Why Is the CRA Laying Off Temporary Workers?
The decision was made after the federal government and the Treasury Board revealed their plan to reduce public service jobs by 5,000 through “natural attrition”.
Context
The CRA will lay off hundreds of temporary workers, mainly debt collectors and auditors, to prioritize tax resources and save costs. This stems from the federal government’s plan to cut 5,000 public service roles through natural attrition as pandemic-era programs are no longer required.
Analysis
Canada Revenue Agency (CRA) announced that hundreds of temporary workers will be laid off within the next month.
The CRA suggested that the organization will make the cuts to prioritize tax filing resources and that most of the 580 layoffs will be debt collectors, with some being auditors. In May this year, the organization also revealed plans not to extend contracts for 2,000 call centre workers.
Marc Brière, the National President of the Union of Taxation Employees, suggested that the cut to debt collector jobs “doesn’t make sense” given how much money these positions bring into the organization.
These positions bring in between one and five billion per year, with maximum salaries being $73,000.
While the agency maintains they are striving to achieve savings and minimize the impact on employees, there is concern that cutting temporary workers, including casual, fixed-term and student positions, may prevent young people from entering public service.
This decision was made after the federal government and the Treasury Board revealed their plan to reduce public service jobs by 5,000 through “natural attrition”.
Many of these jobs were created during the pandemic in response to increased programming and support for Canadians. The government is now moving away from the pandemic operations.

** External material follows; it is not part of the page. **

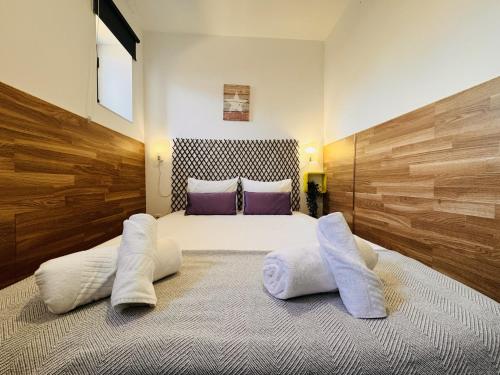 - une chambre avec un grand lit et 2 oreillers dans l'établissement Casa Luz Apartamento 2,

According to PSAC, the government is now casting a wider net and “looking to cut term and casual employees”.
Brière has been informed that no additional layoffs will come this year and that permanent jobs will not be affected in the future. However, hiring restrictions and cuts to non-critical overtime may be considered as the situation evolves.
Finance Minister Chrystia Freeland projected that April 2025’s budget will include a $40-billion deficit. This is in addition to Canada’s growing national debt, which has doubled in the last nine years to $1.4 trillion.
The Treasury Board has instructed government departments to reduce spending to meet saving targets of $15 billion over the next four years. Departments and agencies were given until November 20 to reduce their budgets.